Exercise materials section start

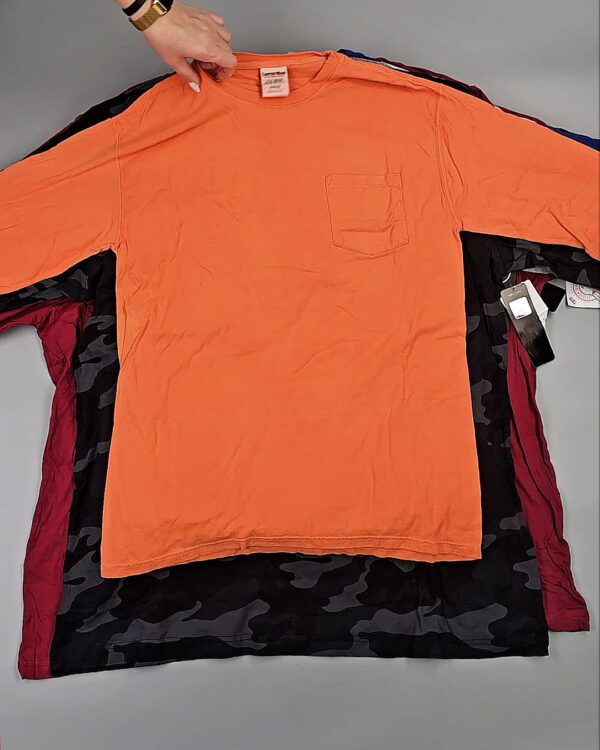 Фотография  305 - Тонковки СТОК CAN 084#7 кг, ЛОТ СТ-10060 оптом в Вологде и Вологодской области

Exercise materials section end
Exercise materials section start

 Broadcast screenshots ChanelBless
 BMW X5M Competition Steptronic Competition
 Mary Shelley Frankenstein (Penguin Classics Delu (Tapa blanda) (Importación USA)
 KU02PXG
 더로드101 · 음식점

Exercise materials section end

▶ _What is expected_:
What you return should be exactly the lines above, starting at the one with "Broadcast screenshots ChanelBless" and ending at the one with "더로드101 · 음식점", and nothing else.

▶ _Problem solution_:
 Broadcast screenshots ChanelBless
 BMW X5M Competition Steptronic Competition
 Mary Shelley Frankenstein (Penguin Classics Delu (Tapa blanda) (Importación USA)
 KU02PXG
 더로드101 · 음식점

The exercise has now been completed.